File 9: The Mind-bending, Ear-piercing, Uber-fast Songster

"Rar rar rar rar!" Fang-chan was going nuts over someone coming up to the shop.

X kicked him lightly. "NO. Do not hassle the customers."

Fang-chan growled at X. So far, they'd had an uneasy peace, but the Davish was getting tired of taking orders from a reploid. He transformed and bit X's hand.

"You're gonna wish you hadn't done that," X said. He spun around quickly and threw the alien dog over the shop roof.

"Yipe!"

"That was a nice throw," Blues said.

X turned back and smiled. "Hey man, what're you doing here?"

They shook hands. "What, I can't just drop by every so often?"

"I don't mind, but you don't drop by without reason."

"All right, so I've got a few." He nodded to his meta-bike. "I turned it over to get something fixed, but I swear they did something wrong. The steering is slow to respond. You got time to look it over?"

X knelt by the bike. "Sure, my next appointment's not for another hour. What'd you turn it in for?"

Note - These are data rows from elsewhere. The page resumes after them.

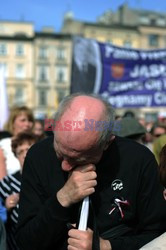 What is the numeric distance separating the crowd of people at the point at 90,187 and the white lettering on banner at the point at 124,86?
5.25 metres

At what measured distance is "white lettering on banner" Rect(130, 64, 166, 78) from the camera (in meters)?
7.34

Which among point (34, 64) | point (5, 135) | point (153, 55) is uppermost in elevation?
point (153, 55)

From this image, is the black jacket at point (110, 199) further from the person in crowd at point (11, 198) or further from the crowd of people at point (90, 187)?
the person in crowd at point (11, 198)

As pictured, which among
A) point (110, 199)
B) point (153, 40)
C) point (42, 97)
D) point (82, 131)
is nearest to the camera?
point (82, 131)

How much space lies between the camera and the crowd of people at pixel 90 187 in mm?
1693

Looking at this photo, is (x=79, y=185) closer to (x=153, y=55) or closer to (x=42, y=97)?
(x=153, y=55)

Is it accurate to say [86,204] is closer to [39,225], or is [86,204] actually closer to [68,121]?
[39,225]

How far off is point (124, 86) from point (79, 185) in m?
5.74

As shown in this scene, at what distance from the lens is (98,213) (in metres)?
1.84

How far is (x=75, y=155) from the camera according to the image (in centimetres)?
169

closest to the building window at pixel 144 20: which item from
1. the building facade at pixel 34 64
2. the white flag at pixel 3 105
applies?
the building facade at pixel 34 64

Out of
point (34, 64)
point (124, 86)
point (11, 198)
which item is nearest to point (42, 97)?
point (34, 64)

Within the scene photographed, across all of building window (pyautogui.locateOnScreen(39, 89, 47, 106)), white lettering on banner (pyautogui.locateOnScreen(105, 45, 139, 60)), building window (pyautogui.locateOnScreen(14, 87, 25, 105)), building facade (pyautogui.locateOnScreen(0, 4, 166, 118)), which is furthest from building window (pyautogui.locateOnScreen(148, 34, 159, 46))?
white lettering on banner (pyautogui.locateOnScreen(105, 45, 139, 60))

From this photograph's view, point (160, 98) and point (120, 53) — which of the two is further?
point (160, 98) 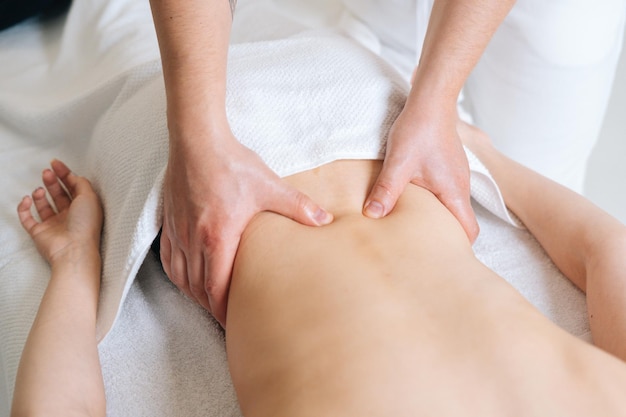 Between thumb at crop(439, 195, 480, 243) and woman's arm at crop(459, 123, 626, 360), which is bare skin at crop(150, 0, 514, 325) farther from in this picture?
woman's arm at crop(459, 123, 626, 360)

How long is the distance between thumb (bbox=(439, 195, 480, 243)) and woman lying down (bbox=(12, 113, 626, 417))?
26 mm

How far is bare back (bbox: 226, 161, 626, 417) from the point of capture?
783 mm

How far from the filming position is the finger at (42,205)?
1.31 m

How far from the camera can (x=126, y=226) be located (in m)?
1.16

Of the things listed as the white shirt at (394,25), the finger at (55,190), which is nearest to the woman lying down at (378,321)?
the finger at (55,190)

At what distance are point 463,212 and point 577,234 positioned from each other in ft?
0.62

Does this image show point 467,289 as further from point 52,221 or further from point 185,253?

"I was in pursuit of a suspect and had to spin around at high speed. Didn't notice a slick spot and the bike slipped out from under me."

"****. You get hurt?"

Blues shrugged. "It wasn't too bad. Our healer-mechanics are better than our vehicle mechanics. I keep saying that isn't gonna cut it for long."

"No kidding. I think I see the problem."

"How bad is it?"

"They should have caught it, as a hazard. But it's not hard to fix. Come on in."

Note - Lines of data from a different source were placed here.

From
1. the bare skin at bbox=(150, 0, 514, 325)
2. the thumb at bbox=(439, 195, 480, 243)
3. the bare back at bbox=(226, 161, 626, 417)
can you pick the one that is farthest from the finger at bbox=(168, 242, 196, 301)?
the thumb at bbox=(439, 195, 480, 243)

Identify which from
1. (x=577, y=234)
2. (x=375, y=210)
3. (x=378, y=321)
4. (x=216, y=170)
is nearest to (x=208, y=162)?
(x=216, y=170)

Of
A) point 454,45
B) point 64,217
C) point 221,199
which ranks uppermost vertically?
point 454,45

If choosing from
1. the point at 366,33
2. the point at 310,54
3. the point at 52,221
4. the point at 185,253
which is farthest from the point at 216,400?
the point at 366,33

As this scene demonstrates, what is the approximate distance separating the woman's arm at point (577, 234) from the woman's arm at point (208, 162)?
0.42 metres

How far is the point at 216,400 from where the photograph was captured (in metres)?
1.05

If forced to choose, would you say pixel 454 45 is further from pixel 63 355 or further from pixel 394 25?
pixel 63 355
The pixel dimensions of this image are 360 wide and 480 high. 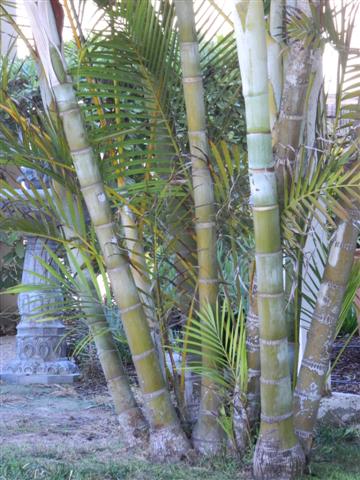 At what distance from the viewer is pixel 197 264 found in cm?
355

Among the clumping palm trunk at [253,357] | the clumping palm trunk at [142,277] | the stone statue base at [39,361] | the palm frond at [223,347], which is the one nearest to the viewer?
the palm frond at [223,347]

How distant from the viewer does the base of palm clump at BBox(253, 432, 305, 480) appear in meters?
3.08

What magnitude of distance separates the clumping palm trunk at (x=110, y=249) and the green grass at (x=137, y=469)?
0.43 feet

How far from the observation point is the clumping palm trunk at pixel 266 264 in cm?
279

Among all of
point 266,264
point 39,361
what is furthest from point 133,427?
point 39,361

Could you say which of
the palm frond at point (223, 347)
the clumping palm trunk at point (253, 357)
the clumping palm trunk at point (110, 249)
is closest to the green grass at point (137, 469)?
the clumping palm trunk at point (110, 249)

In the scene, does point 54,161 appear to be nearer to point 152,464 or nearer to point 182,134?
point 182,134

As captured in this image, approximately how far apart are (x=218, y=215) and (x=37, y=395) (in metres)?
2.54

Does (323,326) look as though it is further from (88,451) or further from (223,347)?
(88,451)

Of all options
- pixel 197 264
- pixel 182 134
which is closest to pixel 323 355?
pixel 197 264

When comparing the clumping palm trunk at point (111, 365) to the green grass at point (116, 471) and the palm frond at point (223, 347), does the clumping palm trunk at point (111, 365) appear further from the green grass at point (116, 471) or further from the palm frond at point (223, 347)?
the palm frond at point (223, 347)

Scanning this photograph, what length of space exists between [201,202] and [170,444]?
Answer: 1.04 m

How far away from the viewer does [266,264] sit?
2924mm

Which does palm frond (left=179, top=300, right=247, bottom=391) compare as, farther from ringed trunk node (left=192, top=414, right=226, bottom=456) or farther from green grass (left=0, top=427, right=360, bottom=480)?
green grass (left=0, top=427, right=360, bottom=480) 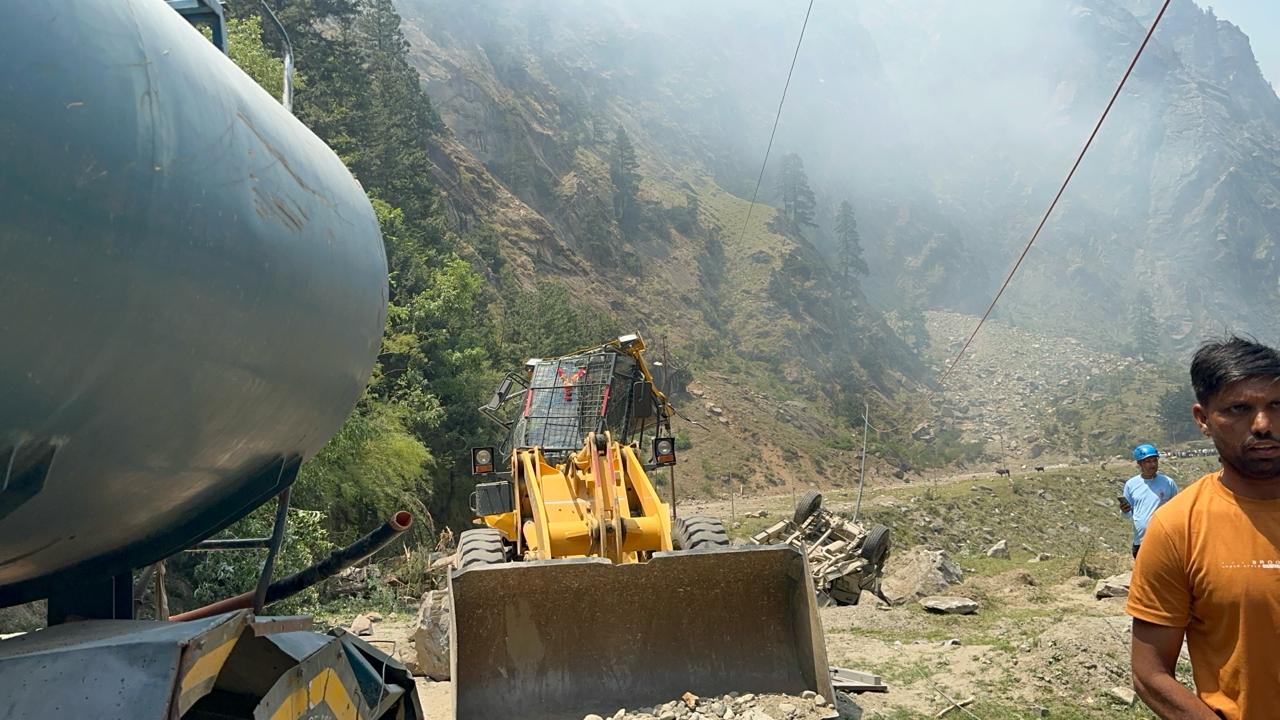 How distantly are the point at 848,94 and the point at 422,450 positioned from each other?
5522 inches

The brothers went inside for the needed equipment. "The other thing was that I wanted to ask about that dark spirit that was in here a few months ago."

"The what?"

"I didn't think you were that drunk."

He nodded. "Oh, right, that spirit, with the weird heart. Haven't seen or felt it since."

"And what about the patient?"

"He's up and running." X pointed. "Not perfectly."

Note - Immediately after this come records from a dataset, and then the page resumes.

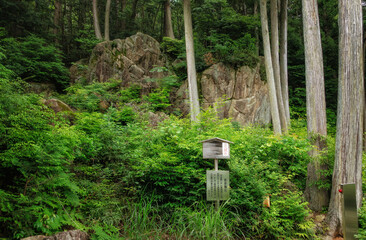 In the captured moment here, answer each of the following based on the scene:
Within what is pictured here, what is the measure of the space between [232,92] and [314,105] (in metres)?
6.96

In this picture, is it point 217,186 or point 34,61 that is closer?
point 217,186

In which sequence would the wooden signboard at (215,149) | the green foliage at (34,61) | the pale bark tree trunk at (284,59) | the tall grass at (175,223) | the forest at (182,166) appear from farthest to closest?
the pale bark tree trunk at (284,59) < the green foliage at (34,61) < the wooden signboard at (215,149) < the tall grass at (175,223) < the forest at (182,166)

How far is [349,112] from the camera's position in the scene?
5.11 meters

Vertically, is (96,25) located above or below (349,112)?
above

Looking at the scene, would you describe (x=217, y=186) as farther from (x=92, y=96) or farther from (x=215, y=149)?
(x=92, y=96)

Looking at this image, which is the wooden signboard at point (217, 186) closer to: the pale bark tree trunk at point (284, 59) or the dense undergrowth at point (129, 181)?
the dense undergrowth at point (129, 181)

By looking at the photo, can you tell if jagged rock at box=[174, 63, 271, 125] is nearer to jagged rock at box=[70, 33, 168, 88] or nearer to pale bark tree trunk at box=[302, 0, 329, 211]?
jagged rock at box=[70, 33, 168, 88]

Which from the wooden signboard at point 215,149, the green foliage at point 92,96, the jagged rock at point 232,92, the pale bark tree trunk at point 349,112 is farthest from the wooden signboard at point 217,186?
the jagged rock at point 232,92

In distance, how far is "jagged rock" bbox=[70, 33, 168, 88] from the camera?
13664 mm

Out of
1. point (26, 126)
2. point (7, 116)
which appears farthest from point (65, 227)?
point (7, 116)

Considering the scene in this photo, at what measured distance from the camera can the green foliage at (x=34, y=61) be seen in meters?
11.2

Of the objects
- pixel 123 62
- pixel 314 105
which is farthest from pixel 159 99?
pixel 314 105

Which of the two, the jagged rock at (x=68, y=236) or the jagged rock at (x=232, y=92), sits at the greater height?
the jagged rock at (x=232, y=92)

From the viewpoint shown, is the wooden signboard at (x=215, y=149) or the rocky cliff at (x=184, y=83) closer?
the wooden signboard at (x=215, y=149) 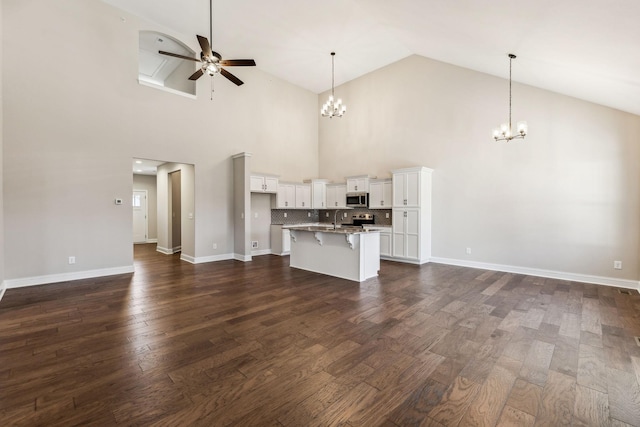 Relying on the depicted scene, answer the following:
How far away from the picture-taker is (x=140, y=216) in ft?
33.8

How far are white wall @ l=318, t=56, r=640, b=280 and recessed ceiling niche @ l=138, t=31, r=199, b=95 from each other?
4.73 meters

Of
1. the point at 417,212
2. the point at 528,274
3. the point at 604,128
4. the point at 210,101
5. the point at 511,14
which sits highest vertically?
the point at 210,101

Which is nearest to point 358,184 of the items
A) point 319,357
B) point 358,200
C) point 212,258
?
point 358,200

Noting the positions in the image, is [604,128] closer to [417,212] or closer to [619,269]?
[619,269]

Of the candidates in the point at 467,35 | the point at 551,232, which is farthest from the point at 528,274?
the point at 467,35

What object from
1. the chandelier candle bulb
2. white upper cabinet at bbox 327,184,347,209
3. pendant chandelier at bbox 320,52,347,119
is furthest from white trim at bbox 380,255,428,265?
pendant chandelier at bbox 320,52,347,119

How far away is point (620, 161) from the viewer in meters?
4.50

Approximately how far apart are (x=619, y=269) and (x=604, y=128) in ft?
7.62

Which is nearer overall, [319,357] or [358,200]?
[319,357]

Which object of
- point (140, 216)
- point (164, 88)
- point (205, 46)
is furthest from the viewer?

A few minutes later, Zero walked up to them. He tapped X on the shoulder. "Xtay, erethay eemssay otay ebay atay oblempray."

X looked at him. "What problem?"

Looking embarrassed, he replied, "Itay an'tcay eemsay otay eakspay ormallynay."

"That's obvious."

"What is?"

"He's stuck in Pig Latin."

Zero shrugged. "Itay idday opstay eakingspay intay ymesrhay."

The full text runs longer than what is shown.